(Extracted material)

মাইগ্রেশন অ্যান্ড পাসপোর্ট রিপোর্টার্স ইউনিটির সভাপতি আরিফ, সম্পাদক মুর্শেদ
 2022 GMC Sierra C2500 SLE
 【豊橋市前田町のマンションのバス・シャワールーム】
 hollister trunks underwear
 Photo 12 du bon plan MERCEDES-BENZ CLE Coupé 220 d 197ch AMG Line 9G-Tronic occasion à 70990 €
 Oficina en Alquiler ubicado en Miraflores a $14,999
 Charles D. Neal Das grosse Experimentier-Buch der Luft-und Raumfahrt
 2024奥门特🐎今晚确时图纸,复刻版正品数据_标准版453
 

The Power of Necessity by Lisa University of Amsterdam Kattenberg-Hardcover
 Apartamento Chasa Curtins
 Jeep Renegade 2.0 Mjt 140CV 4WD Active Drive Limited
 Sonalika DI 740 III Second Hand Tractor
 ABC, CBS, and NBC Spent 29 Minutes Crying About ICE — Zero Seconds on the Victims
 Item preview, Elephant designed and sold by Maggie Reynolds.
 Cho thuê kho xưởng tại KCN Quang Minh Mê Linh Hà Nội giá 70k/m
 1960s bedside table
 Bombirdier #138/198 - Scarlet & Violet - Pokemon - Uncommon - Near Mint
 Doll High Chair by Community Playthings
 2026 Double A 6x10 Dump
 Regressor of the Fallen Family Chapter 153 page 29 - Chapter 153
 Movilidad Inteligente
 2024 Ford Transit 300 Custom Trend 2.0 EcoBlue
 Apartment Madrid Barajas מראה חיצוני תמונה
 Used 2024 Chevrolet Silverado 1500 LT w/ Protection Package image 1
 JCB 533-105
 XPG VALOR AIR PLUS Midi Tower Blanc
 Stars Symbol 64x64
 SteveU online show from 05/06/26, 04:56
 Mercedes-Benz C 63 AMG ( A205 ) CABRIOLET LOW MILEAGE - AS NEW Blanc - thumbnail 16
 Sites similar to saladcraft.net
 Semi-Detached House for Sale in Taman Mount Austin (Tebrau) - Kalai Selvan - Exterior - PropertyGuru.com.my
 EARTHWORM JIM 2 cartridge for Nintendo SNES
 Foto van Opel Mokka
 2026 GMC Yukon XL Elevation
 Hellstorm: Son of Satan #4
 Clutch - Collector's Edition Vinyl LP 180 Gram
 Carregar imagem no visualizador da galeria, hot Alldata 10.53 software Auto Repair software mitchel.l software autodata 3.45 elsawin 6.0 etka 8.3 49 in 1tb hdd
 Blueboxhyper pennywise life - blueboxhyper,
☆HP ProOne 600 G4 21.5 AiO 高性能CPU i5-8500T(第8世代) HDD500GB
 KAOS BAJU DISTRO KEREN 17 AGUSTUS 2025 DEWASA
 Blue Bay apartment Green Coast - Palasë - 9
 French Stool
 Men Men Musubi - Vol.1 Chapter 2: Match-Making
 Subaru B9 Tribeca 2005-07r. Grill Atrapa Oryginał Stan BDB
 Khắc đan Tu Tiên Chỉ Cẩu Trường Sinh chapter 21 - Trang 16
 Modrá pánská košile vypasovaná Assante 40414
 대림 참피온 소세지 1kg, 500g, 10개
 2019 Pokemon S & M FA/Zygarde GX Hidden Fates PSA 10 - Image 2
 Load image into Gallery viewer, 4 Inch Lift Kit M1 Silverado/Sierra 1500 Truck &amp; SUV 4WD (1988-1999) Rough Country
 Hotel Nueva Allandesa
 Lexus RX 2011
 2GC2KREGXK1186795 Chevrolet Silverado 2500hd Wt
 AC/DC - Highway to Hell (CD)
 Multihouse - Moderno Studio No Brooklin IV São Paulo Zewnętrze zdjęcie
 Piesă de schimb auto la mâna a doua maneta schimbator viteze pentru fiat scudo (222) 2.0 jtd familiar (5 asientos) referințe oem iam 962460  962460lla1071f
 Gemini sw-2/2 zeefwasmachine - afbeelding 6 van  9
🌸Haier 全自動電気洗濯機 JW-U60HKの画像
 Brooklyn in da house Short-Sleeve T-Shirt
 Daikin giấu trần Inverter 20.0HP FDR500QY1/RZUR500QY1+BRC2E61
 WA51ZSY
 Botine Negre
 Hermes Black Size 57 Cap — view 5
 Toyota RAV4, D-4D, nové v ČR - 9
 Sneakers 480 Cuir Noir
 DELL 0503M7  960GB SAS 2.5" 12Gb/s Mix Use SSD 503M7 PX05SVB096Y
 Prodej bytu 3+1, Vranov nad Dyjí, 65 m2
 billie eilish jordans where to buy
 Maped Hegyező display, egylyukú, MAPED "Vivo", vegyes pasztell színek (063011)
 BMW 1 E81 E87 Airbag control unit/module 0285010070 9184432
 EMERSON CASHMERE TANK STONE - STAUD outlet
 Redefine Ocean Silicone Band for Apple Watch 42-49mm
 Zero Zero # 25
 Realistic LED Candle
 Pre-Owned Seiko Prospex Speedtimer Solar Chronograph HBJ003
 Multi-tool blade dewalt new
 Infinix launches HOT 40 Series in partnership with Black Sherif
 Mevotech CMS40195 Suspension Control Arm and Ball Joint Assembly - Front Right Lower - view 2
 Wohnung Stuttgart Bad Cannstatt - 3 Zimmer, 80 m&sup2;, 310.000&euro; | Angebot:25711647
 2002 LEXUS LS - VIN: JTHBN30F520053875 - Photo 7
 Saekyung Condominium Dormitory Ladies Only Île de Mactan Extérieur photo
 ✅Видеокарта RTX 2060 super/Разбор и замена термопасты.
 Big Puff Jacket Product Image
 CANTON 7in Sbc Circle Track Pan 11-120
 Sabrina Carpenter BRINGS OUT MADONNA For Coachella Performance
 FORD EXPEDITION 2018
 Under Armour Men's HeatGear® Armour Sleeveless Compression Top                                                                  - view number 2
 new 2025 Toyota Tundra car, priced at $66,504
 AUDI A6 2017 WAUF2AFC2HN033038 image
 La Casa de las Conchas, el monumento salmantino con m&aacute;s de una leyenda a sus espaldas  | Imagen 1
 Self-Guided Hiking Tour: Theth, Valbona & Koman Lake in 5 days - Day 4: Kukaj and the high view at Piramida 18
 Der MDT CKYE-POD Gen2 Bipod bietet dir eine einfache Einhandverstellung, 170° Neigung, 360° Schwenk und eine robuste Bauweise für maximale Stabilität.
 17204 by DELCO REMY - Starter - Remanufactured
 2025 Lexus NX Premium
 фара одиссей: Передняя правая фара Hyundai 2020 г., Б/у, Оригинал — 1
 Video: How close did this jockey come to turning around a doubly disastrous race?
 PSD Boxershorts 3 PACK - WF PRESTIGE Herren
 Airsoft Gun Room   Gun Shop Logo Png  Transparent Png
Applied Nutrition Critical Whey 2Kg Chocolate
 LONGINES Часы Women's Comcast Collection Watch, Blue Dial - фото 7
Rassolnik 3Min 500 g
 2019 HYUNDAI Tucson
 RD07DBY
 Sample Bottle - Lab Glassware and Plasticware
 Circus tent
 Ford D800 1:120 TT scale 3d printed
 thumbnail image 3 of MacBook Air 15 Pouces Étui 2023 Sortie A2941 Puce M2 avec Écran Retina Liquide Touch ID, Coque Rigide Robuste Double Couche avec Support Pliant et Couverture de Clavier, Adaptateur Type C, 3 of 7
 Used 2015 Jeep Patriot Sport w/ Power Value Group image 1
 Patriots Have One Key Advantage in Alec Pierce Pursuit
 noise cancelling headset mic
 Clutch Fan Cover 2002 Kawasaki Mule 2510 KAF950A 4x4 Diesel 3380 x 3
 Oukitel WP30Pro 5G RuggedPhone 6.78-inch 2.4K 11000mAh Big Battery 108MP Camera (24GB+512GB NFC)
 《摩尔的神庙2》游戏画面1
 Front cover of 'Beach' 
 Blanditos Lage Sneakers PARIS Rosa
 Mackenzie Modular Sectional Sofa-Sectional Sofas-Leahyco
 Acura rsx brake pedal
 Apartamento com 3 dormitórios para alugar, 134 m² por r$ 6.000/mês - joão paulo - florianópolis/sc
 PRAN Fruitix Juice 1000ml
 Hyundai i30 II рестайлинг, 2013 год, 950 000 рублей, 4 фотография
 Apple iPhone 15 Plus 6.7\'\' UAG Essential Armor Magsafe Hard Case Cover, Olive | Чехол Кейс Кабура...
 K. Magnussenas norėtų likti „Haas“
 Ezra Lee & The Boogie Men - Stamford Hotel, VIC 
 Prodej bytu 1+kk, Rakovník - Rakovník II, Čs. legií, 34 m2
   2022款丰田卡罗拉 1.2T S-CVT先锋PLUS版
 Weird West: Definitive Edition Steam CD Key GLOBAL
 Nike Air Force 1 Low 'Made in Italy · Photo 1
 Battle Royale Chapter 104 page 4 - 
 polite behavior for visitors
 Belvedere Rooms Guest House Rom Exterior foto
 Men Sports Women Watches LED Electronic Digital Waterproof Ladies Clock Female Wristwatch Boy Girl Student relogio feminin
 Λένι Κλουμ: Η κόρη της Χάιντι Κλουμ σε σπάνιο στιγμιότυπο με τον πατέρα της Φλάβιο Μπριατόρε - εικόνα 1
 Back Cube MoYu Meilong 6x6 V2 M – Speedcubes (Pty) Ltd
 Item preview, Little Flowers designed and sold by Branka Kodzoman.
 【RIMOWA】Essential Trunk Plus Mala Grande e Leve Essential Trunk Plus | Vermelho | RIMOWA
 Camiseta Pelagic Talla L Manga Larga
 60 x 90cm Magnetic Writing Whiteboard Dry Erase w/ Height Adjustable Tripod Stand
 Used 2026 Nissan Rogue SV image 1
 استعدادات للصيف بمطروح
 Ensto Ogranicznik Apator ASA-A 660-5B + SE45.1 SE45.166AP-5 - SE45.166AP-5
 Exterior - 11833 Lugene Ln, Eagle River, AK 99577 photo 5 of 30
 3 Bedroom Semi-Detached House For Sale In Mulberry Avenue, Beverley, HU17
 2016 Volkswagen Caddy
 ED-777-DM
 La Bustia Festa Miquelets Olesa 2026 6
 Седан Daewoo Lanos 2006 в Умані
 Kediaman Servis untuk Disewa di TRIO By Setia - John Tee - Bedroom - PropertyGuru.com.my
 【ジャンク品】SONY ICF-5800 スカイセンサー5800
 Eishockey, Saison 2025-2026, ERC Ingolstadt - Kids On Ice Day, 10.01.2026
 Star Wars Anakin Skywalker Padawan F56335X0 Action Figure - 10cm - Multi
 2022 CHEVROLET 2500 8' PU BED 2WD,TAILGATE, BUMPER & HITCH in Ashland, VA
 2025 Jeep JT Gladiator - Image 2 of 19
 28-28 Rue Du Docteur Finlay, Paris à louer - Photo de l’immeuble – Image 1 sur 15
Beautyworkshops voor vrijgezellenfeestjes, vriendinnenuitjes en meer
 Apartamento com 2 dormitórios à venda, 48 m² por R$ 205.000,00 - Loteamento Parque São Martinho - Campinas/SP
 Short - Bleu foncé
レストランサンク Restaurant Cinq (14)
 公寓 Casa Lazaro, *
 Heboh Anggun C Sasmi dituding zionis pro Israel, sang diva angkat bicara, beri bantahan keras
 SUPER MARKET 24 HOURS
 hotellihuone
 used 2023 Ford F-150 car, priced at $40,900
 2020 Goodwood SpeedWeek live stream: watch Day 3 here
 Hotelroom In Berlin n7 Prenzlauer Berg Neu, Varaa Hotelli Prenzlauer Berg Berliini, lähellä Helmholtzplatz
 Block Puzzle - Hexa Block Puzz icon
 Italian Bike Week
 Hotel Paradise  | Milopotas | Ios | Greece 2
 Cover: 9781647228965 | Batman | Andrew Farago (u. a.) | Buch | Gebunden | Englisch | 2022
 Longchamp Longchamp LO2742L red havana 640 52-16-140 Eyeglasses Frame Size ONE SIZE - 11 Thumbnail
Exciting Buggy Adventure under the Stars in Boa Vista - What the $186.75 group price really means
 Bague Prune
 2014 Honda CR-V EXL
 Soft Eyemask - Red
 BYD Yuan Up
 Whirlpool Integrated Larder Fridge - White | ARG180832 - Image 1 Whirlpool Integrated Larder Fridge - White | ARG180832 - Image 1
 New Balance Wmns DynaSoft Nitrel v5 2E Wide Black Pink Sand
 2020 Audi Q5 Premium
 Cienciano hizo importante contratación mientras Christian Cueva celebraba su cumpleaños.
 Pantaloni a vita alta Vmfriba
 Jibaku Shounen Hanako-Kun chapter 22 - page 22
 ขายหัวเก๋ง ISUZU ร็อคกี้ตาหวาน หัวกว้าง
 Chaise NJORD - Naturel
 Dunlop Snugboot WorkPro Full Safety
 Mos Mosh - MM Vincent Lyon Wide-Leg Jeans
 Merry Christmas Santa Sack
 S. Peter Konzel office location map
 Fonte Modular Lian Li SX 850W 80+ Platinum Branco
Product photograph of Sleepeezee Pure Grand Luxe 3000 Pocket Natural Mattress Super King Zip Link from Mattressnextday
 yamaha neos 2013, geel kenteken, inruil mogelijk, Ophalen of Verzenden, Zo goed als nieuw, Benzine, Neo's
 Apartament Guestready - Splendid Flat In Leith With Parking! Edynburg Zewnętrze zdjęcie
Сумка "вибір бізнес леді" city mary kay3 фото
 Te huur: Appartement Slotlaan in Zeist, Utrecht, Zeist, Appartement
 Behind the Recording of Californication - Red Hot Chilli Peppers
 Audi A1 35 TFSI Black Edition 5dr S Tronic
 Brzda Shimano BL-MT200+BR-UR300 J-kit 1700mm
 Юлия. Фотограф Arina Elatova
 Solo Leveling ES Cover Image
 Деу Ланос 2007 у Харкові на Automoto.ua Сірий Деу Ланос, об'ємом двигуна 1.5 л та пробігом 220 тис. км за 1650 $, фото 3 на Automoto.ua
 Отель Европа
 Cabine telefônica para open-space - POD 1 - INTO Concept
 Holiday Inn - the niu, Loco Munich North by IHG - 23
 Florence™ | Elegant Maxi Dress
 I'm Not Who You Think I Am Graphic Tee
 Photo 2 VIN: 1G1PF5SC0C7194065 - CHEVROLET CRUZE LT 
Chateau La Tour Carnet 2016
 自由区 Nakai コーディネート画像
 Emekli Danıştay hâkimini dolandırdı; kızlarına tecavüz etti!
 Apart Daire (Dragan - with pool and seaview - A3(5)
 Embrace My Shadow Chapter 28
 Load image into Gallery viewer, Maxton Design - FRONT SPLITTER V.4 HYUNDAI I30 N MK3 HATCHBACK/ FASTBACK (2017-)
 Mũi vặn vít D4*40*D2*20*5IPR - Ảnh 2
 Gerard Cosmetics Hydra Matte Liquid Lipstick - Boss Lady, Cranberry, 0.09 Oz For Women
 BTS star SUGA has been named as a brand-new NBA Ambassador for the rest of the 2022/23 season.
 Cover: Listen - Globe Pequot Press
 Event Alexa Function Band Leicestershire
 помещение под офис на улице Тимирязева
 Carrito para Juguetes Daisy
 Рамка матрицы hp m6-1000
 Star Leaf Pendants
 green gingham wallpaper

(End Extracted material)

== What the task asks ==
Please, from the entries above, set down exactly the lines from the one containing "2026 GMC Yukon XL Elevation" through the one containing "Botine Negre", and only those.

== Problem solution ==
 2026 GMC Yukon XL Elevation
 Hellstorm: Son of Satan #4
 Clutch - Collector's Edition Vinyl LP 180 Gram
 Carregar imagem no visualizador da galeria, hot Alldata 10.53 software Auto Repair software mitchel.l software autodata 3.45 elsawin 6.0 etka 8.3 49 in 1tb hdd
 Blueboxhyper pennywise life - blueboxhyper,
☆HP ProOne 600 G4 21.5 AiO 高性能CPU i5-8500T(第8世代) HDD500GB
 KAOS BAJU DISTRO KEREN 17 AGUSTUS 2025 DEWASA
 Blue Bay apartment Green Coast - Palasë - 9
 French Stool
 Men Men Musubi - Vol.1 Chapter 2: Match-Making
 Subaru B9 Tribeca 2005-07r. Grill Atrapa Oryginał Stan BDB
 Khắc đan Tu Tiên Chỉ Cẩu Trường Sinh chapter 21 - Trang 16
 Modrá pánská košile vypasovaná Assante 40414
 대림 참피온 소세지 1kg, 500g, 10개
 2019 Pokemon S & M FA/Zygarde GX Hidden Fates PSA 10 - Image 2
 Load image into Gallery viewer, 4 Inch Lift Kit M1 Silverado/Sierra 1500 Truck &amp; SUV 4WD (1988-1999) Rough Country
 Hotel Nueva Allandesa
 Lexus RX 2011
 2GC2KREGXK1186795 Chevrolet Silverado 2500hd Wt
 AC/DC - Highway to Hell (CD)
 Multihouse - Moderno Studio No Brooklin IV São Paulo Zewnętrze zdjęcie
 Piesă de schimb auto la mâna a doua maneta schimbator viteze pentru fiat scudo (222) 2.0 jtd familiar (5 asientos) referințe oem iam 962460  962460lla1071f
 Gemini sw-2/2 zeefwasmachine - afbeelding 6 van  9
🌸Haier 全自動電気洗濯機 JW-U60HKの画像
 Brooklyn in da house Short-Sleeve T-Shirt
 Daikin giấu trần Inverter 20.0HP FDR500QY1/RZUR500QY1+BRC2E61
 WA51ZSY
 Botine Negre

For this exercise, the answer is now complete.